Please return the lines below verbatim, beginning at the one that has "ou sintomática (até" and stopping after the one that has "alimentos e ao cigarro;", and add no other lines.

(Records for the task)

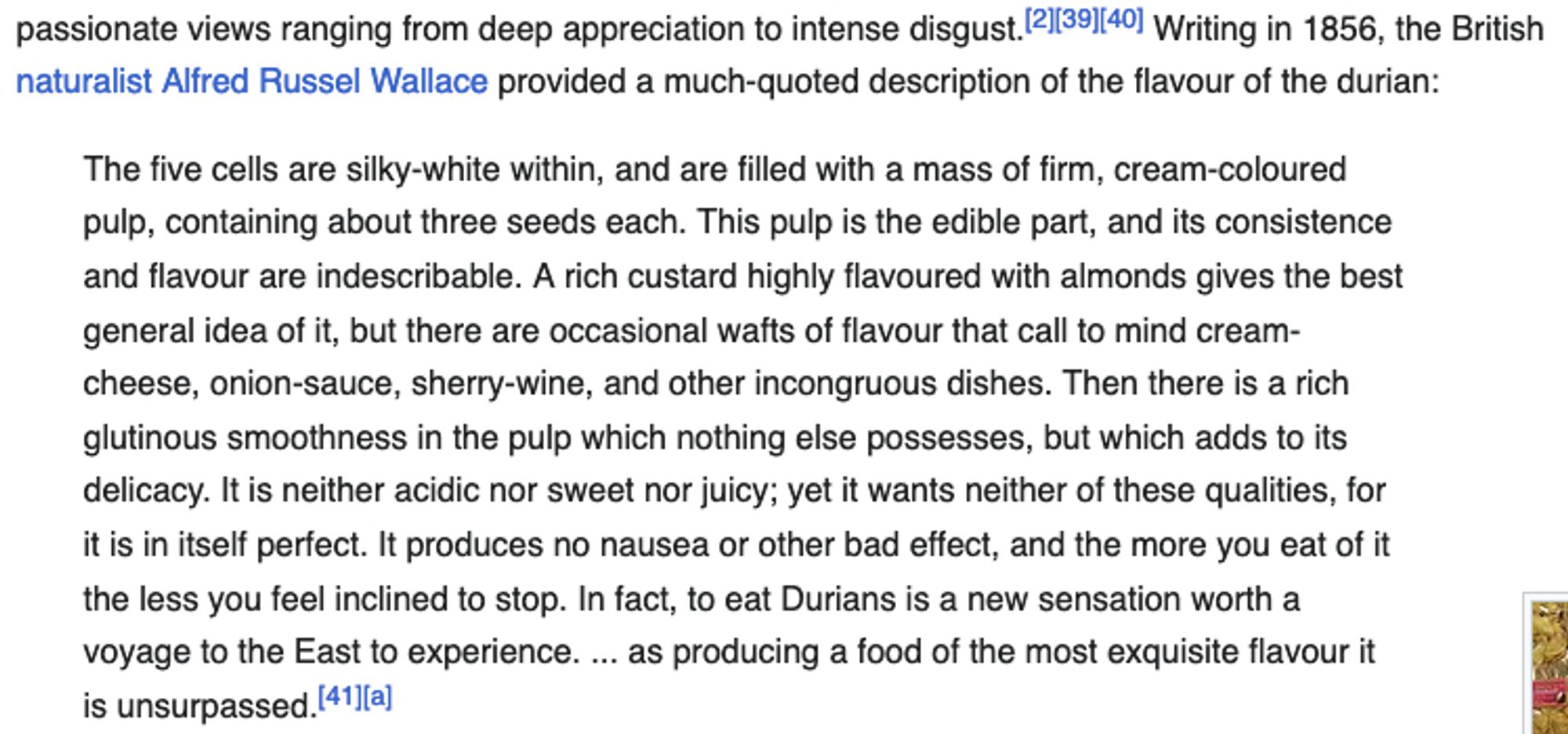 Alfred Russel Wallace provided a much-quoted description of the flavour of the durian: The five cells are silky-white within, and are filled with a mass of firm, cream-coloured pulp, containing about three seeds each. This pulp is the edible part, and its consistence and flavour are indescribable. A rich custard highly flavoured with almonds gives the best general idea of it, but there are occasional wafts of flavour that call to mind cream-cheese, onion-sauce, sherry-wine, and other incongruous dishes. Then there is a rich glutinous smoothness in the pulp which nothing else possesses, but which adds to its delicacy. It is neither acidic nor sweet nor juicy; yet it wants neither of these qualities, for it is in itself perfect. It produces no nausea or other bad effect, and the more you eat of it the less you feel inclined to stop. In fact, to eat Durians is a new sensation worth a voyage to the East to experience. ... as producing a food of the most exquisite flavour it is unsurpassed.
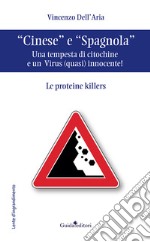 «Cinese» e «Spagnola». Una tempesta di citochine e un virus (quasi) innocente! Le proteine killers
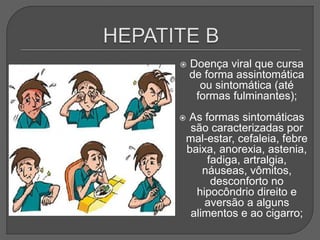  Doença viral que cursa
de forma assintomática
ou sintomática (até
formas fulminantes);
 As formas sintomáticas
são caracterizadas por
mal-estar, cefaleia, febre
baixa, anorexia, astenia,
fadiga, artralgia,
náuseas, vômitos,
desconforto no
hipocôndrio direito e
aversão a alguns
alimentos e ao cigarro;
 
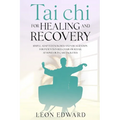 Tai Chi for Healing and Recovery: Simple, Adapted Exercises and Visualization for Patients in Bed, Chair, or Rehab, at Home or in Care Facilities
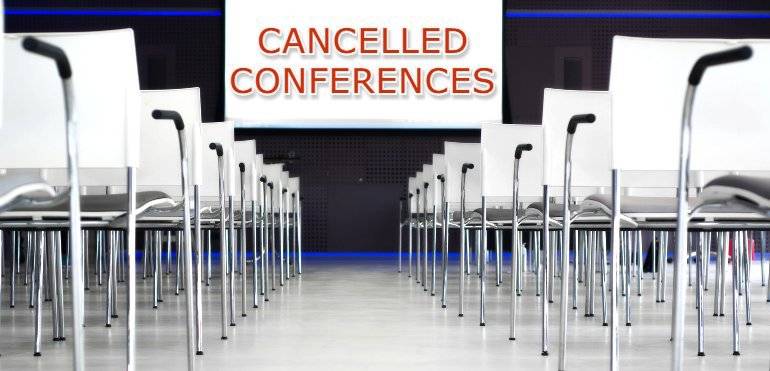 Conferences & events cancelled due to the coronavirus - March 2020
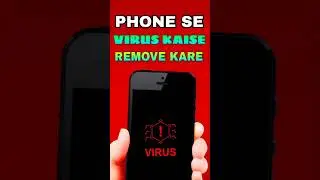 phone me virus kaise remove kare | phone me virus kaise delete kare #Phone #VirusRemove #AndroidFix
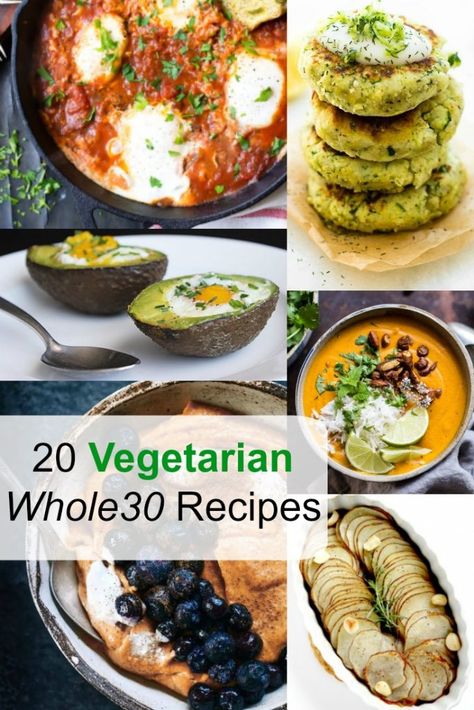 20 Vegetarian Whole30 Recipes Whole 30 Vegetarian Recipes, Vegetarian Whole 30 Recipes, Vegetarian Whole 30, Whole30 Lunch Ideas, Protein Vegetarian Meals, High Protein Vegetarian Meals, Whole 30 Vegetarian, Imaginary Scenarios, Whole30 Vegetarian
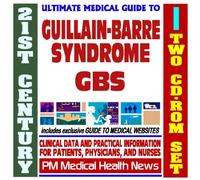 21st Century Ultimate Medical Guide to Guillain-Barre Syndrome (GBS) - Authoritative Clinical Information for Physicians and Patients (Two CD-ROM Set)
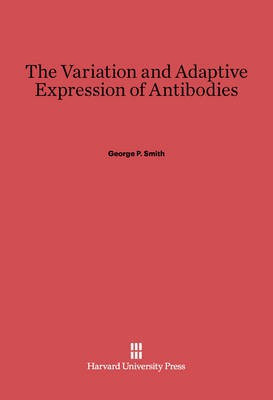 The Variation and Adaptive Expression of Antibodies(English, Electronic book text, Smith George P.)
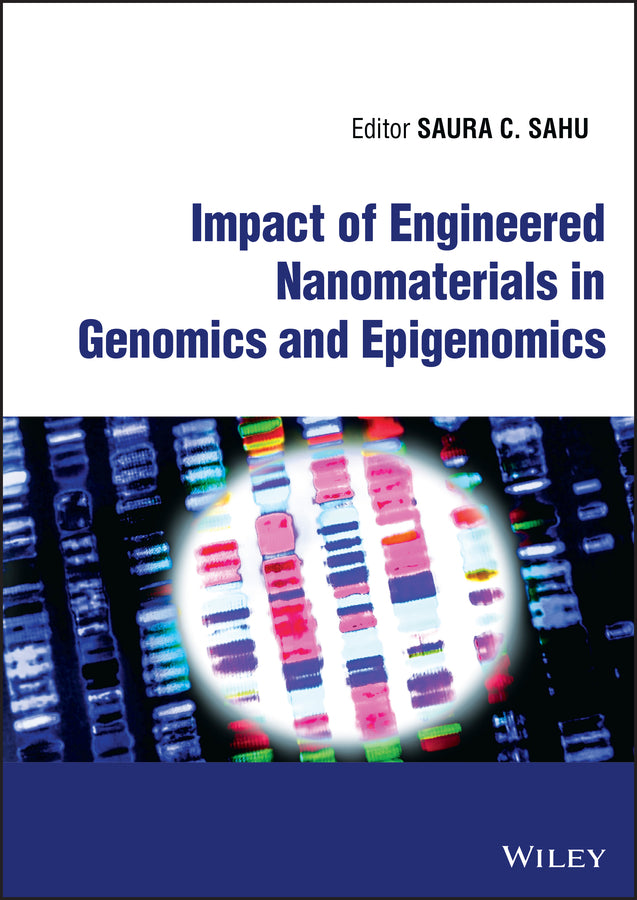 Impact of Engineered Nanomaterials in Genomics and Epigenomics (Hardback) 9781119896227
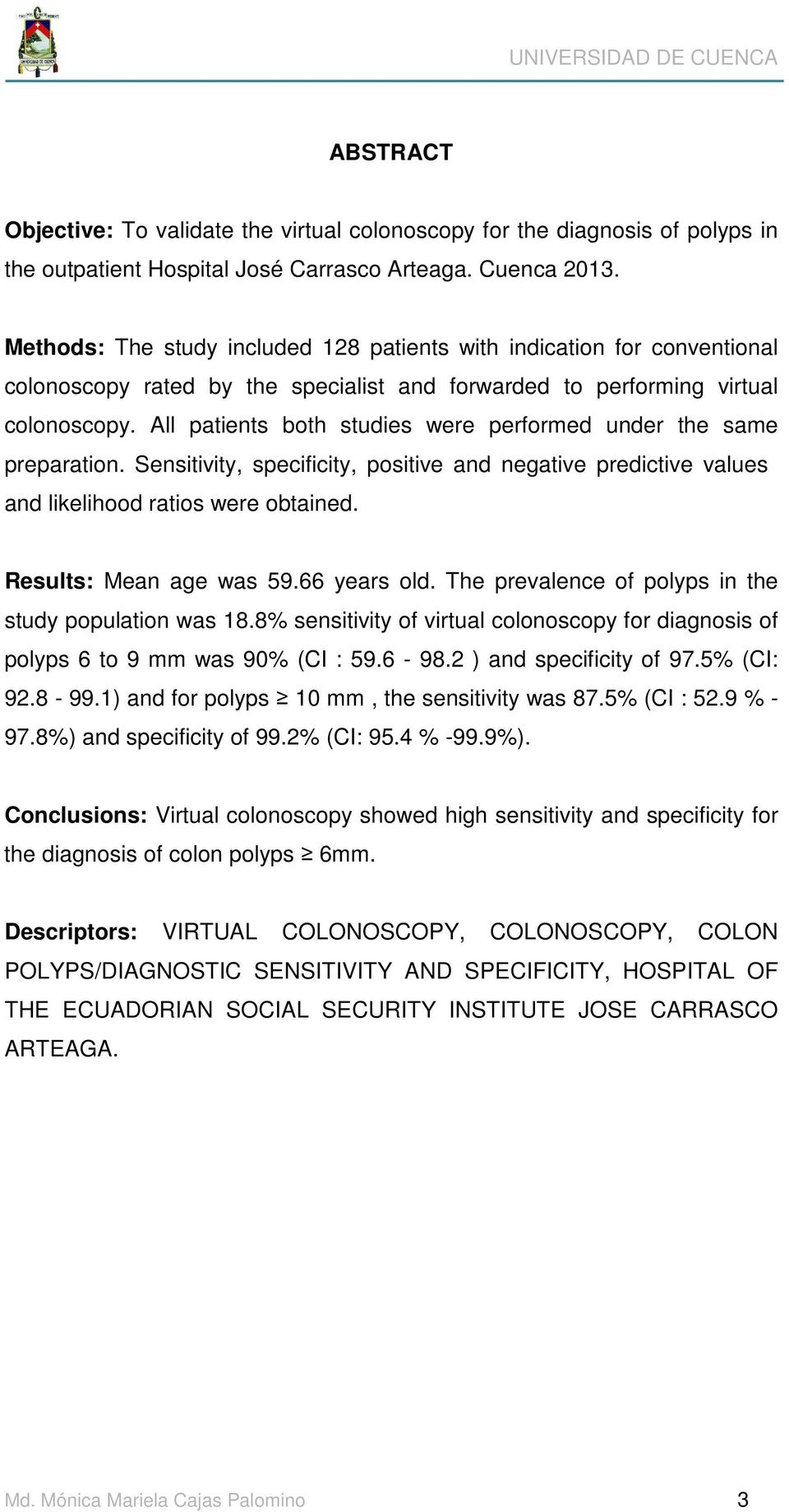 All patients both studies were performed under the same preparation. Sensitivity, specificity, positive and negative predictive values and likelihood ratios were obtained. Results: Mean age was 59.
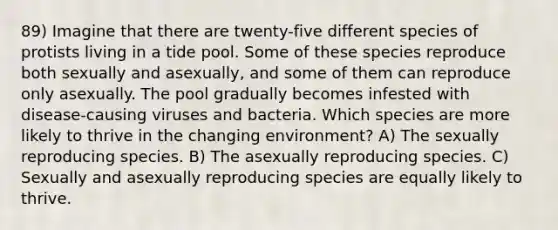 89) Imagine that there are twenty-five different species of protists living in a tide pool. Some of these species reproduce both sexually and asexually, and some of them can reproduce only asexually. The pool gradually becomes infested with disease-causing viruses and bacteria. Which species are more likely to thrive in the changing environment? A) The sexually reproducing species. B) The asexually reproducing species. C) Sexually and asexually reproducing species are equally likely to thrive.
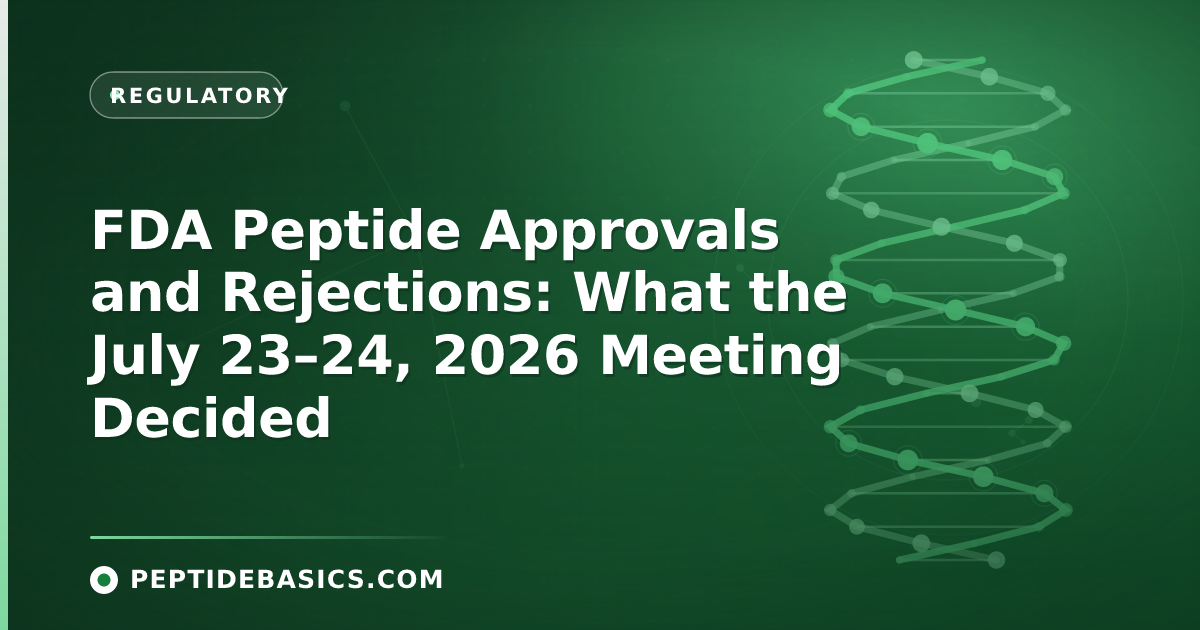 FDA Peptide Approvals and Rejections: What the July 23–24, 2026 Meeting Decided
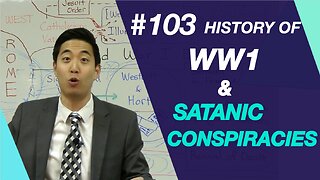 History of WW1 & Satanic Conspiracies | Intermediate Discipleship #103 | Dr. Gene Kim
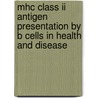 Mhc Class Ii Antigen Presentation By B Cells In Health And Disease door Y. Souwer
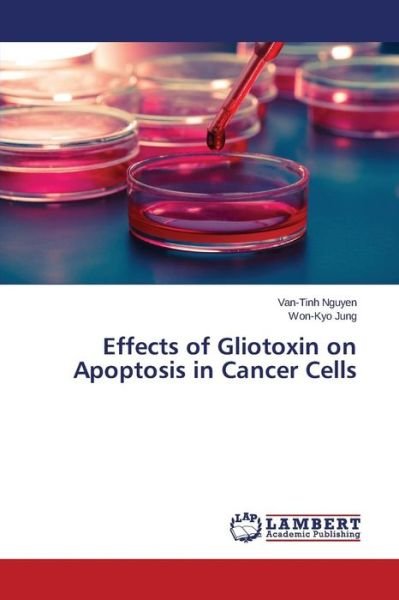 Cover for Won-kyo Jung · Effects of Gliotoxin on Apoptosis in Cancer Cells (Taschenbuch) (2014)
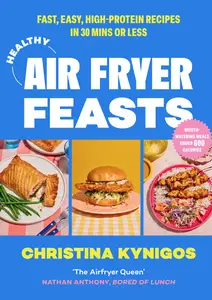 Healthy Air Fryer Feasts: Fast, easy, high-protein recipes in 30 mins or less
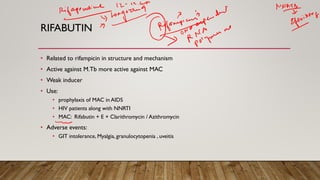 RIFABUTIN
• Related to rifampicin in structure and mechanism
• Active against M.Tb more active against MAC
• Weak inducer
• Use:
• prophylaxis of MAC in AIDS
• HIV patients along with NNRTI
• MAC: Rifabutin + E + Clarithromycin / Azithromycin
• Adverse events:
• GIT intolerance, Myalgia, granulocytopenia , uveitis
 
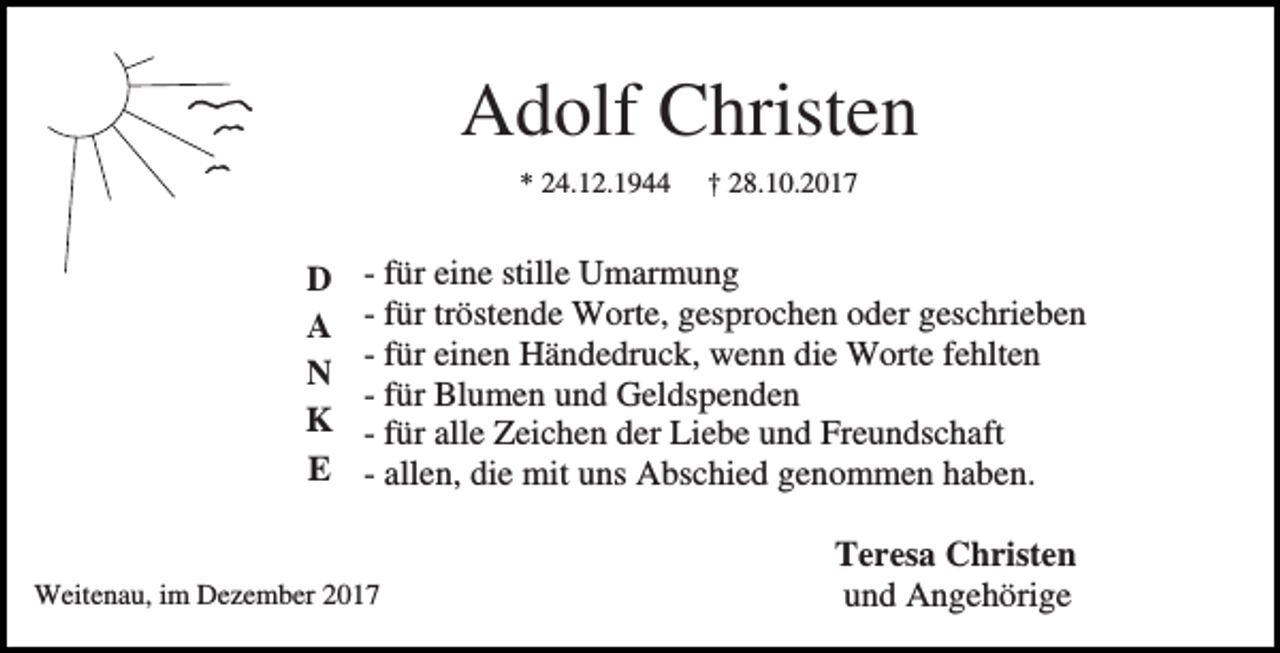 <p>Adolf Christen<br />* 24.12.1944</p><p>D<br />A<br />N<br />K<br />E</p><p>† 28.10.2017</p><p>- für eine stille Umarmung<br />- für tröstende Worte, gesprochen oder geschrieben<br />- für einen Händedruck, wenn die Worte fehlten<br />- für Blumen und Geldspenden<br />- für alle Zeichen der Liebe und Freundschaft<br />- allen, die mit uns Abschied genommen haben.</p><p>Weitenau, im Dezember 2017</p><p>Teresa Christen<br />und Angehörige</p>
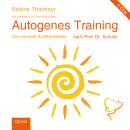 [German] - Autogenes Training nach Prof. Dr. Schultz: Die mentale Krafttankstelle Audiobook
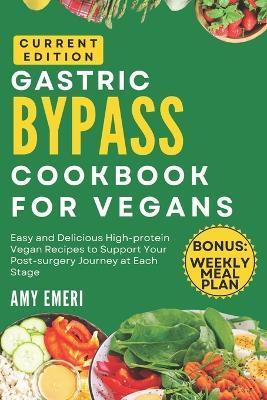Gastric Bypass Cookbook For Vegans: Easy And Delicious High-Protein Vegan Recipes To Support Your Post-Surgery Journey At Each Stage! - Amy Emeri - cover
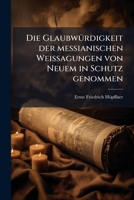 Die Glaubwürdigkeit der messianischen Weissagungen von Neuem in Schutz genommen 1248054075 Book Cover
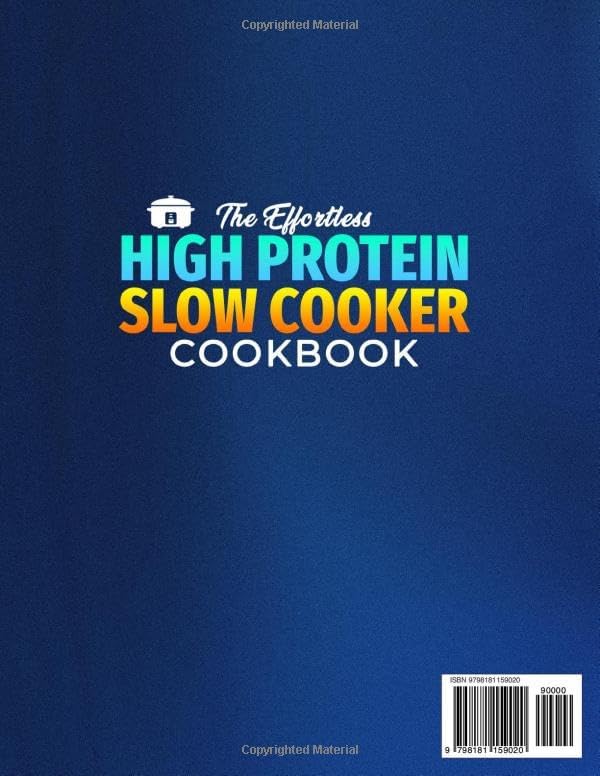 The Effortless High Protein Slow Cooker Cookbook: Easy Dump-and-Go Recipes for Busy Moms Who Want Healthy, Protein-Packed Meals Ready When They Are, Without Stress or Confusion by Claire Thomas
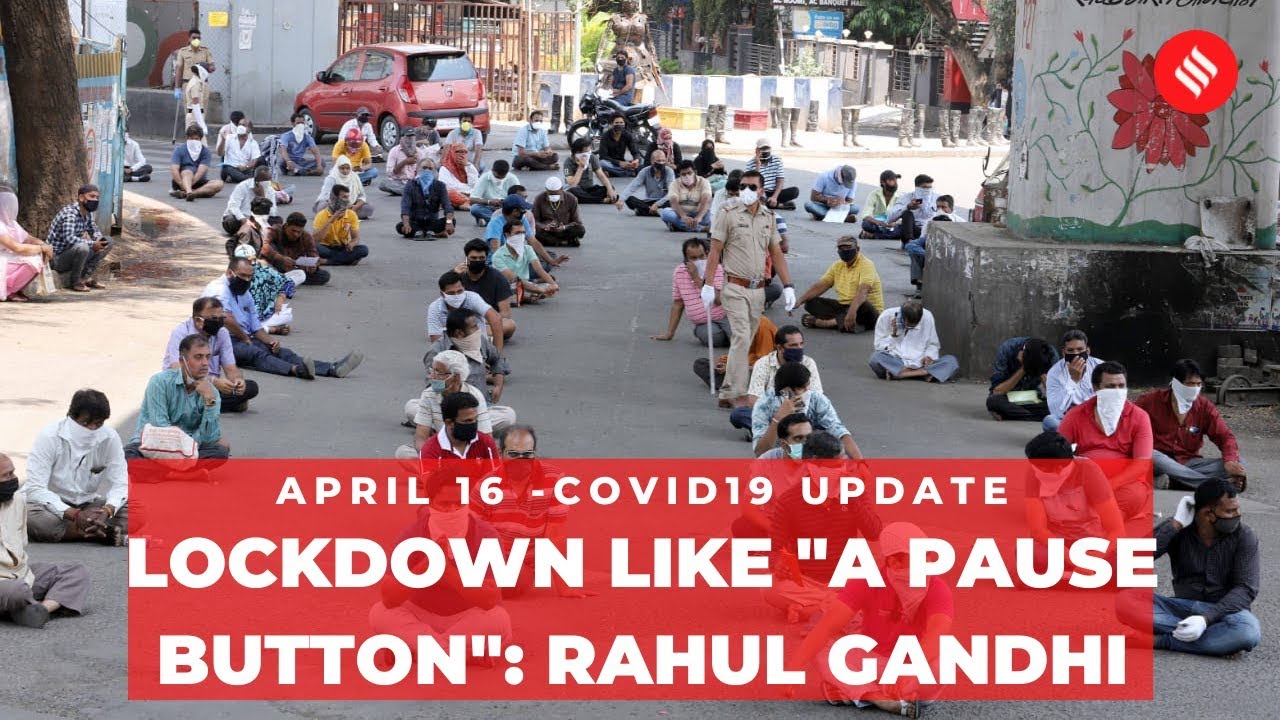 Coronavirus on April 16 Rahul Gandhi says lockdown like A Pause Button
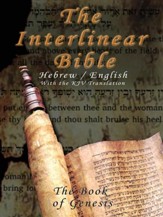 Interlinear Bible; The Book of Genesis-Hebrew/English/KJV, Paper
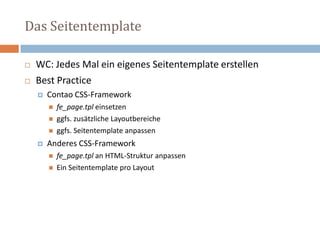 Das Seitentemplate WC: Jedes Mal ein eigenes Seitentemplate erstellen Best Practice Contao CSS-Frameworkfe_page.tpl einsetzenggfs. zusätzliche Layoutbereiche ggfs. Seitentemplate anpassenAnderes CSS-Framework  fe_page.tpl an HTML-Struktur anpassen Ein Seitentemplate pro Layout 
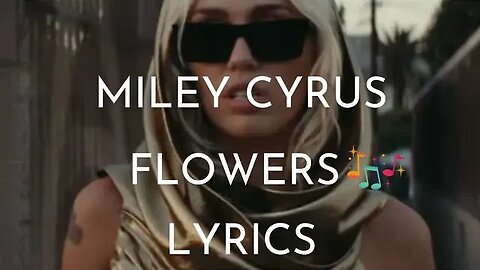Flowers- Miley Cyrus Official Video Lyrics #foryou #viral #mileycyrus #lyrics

(End Records for the task)

# Exercise response
ou sintomática (até
formas fulminantes);
 As formas sintomáticas
são caracterizadas por
mal-estar, cefaleia, febre
baixa, anorexia, astenia,
fadiga, artralgia,
náuseas, vômitos,
desconforto no
hipocôndrio direito e
aversão a alguns
alimentos e ao cigarro;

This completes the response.